Hi Folks, I have encountered a weirdness in alphabetical sorting. It originally popped up in an application, but experiment reveals that it arises from the Linux UTF8 collation system.
First, check whether this may interest you by executing
locale
from the command line. If you see in the output: LC_COLLATE="en_GB.UTF-8" or similar, then read on.
When I run the following commands (which you can mouse-copy into a concole for yourself) I get the results shown in the lines starting with "#" (you can copy these in too -- they will be ignored):
sort << EOT "AACD" "A CD" EOT # "AACD" # "A CD"

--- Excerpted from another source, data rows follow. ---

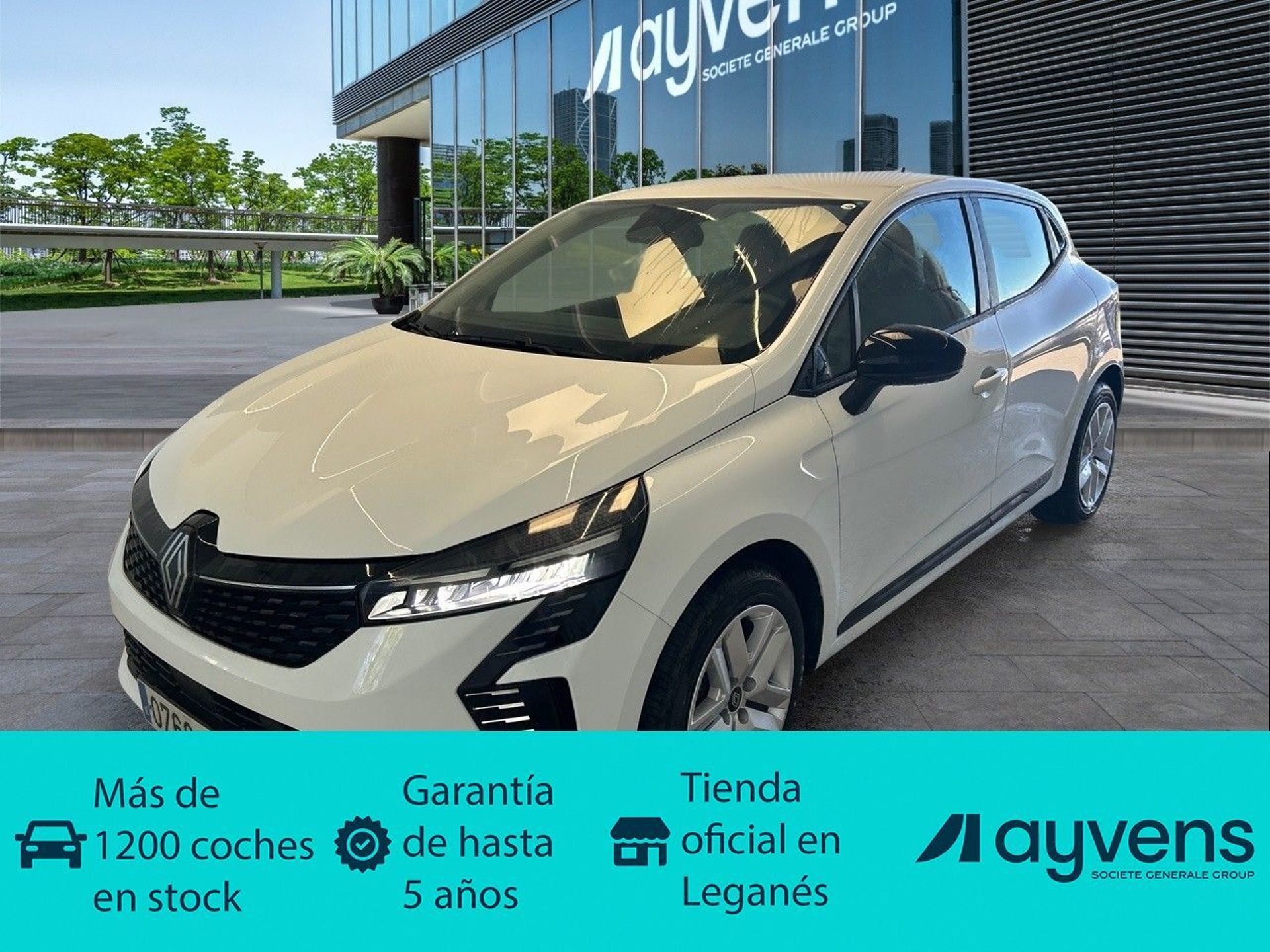 Imagen de RENAULT Clio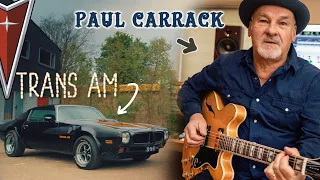 1973 Pontiac Trans AM + Paul Carrack + What's New | AutoMagic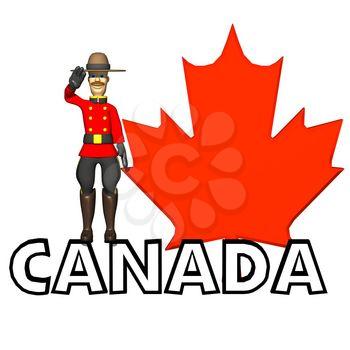 Canadian Clipart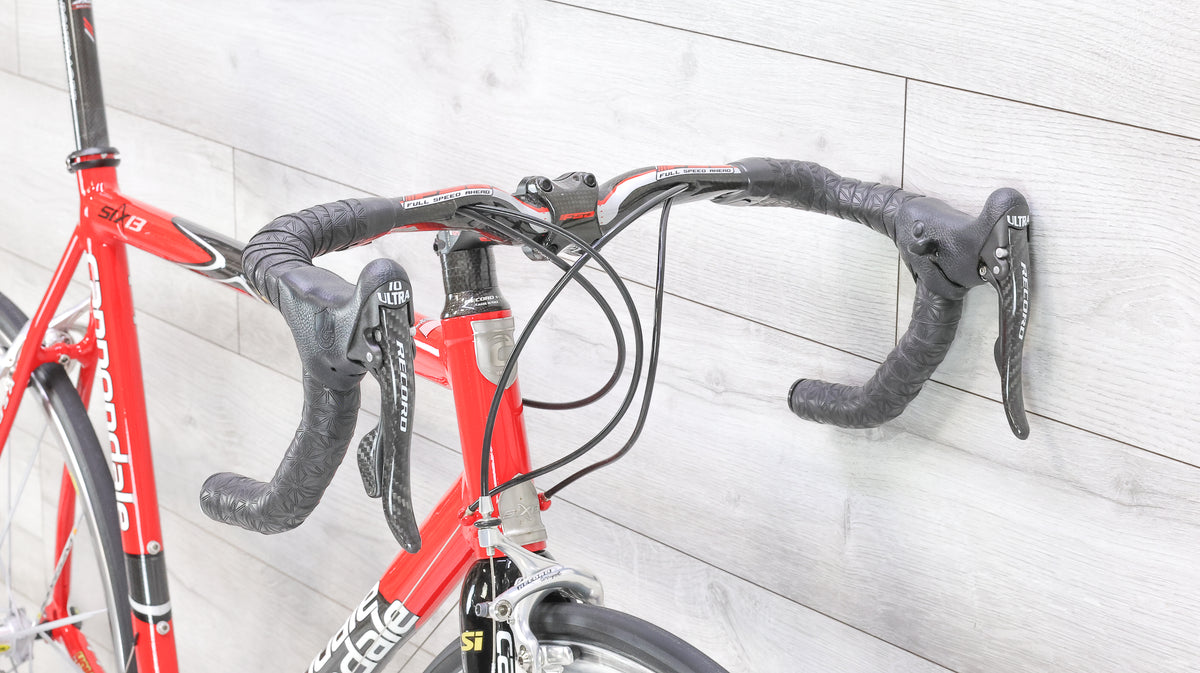 Cannondale Six13 Team Saeco Road Bike - 2004, 56cm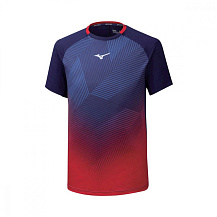 Футболка мужская Mizuno Shadow Graphic Tee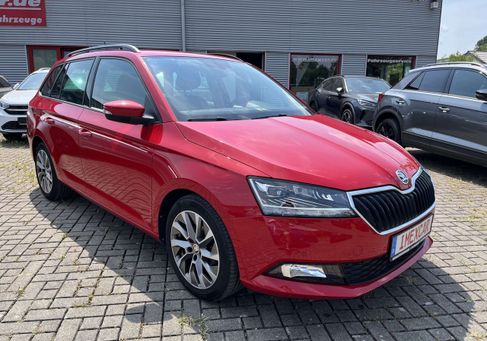 Skoda Fabia, 2022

sort << EOT "ABCD" "A CD" EOT # "ABCD" # "A CD"
sort << EOT "ACCD" "A CD" EOT # "ACCD" # "A CD"
sort << EOT "ADCD" "A CD" EOT # "A CD" # "ADCD"
From the above, it would seem that in en_GB.UTF-8 the
SPACE character " " is sorted to a position betwee "C" and "D", since "AACD", "ABCD" and "ACCD" all sort prior to "A CD", while "A CD" sorts prior to "ADCD"!
That strikes me as completely nuts! I would welcome any comment about it. I have tried to track down where this is done, and to locate on my system (Debian Lenny, also occurs on earlier Debian Etch) any system file which defines the sort order (i.e. collation order) of the standard ASCII (and other) characters.
All help and/or insight much appreciated! Ted.
-------------------------------------------------------------------- E-Mail: (Ted Harding) Ted.Harding@manchester.ac.uk Fax-to-email: +44 (0)870 094 0861 Date: 28-May-10 Time: 20:57:48 ------------------------------ XFMail ------------------------------
On Fri, May 28, 2010 at 08:57:51PM +0100, Ted Harding wrote:
That strikes me as completely nuts! I would welcome any comment about it. I have tried to track down where this is done, and to locate on my system (Debian Lenny, also occurs on earlier Debian Etch) any system file which defines the sort order (i.e. collation order) of the standard ASCII (and other) characters.
All help and/or insight much appreciated!
man 5 locale should be a starting point.
Adam
On 28-May-10 20:37:39, Adam Bower wrote:
On Fri, May 28, 2010 at 08:57:51PM +0100, Ted Harding wrote:
That strikes me as completely nuts! I would welcome any comment about it. I have tried to track down where this is done, and to locate on my system (Debian Lenny, also occurs on earlier Debian Etch) any system file which defines the sort order (i.e. collation order) of the standard ASCII (and other) characters.
All help and/or insight much appreciated!
man 5 locale should be a starting point.
Adam
Thanks Adam. Thanks also to some folk on the Linux-Users list, whose hints led to realising that the problem with
sort << EOT "ABCD" "A CD" EOT # "ABCD" # "A CD"
sort << EOT "ADCD" "A CD" EOT # "A CD" # "ADCD"
arises because, by default, the " " is ignored in sorting. Therefore in the first case it sorted "ABCD" and "ACD", returning "ABCD", "A CD", while in the second case it sorted "ADCD" and "ACD", and returned "A CD", "ADCD".
A solution is to export LC_COLLATE=C -- following directly on after the above:
export LC_COLLATE=C
sort << EOT "ABCD" "A CD" EOT # "A CD" # "ABCD"
sort << EOT "ADCD" "A CD" EOT # "A CD" # "ADCD"
Because "export" makes LC_COLLATE available to processes spawned by the shell, this also works within the application that revealed the problem in the first place.
Cheers, Ted.
-------------------------------------------------------------------- E-Mail: (Ted Harding) Ted.Harding@manchester.ac.uk Fax-to-email: +44 (0)870 094 0861 Date: 28-May-10 Time: 23:10:18 ------------------------------ XFMail ------------------------------